[[ EXERCISE INPUT, beginning ]]

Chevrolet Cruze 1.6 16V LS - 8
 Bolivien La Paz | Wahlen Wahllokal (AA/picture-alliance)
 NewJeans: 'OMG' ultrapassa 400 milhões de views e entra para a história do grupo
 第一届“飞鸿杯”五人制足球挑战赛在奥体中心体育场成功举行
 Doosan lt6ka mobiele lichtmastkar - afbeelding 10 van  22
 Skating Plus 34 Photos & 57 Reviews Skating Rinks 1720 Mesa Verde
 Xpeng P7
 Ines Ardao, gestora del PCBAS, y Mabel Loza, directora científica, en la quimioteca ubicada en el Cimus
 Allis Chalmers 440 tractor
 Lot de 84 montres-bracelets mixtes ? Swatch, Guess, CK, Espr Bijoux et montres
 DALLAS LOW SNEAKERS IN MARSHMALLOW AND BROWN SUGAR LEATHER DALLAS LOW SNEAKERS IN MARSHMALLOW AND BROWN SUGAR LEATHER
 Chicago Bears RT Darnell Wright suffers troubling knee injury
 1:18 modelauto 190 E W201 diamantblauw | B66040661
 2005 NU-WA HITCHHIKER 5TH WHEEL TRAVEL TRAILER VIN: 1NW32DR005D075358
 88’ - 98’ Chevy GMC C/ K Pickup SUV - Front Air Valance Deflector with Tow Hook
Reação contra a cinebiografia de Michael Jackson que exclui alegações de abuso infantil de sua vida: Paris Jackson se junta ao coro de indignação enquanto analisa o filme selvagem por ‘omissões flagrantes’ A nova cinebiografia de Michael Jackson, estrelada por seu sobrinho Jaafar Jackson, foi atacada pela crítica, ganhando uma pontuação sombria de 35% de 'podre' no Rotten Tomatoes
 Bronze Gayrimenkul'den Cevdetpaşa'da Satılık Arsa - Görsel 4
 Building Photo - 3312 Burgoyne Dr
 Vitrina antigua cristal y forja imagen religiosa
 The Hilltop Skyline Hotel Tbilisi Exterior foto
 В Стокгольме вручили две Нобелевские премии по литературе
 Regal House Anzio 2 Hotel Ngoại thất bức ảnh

[[ EXERCISE INPUT, end ]]

PROBLEM:
All lines holding the word "Hotel" must be copied from the data.

ANSWER TO THE PROBLEM:
 The Hilltop Skyline Hotel Tbilisi Exterior foto
 Regal House Anzio 2 Hotel Ngoại thất bức ảnh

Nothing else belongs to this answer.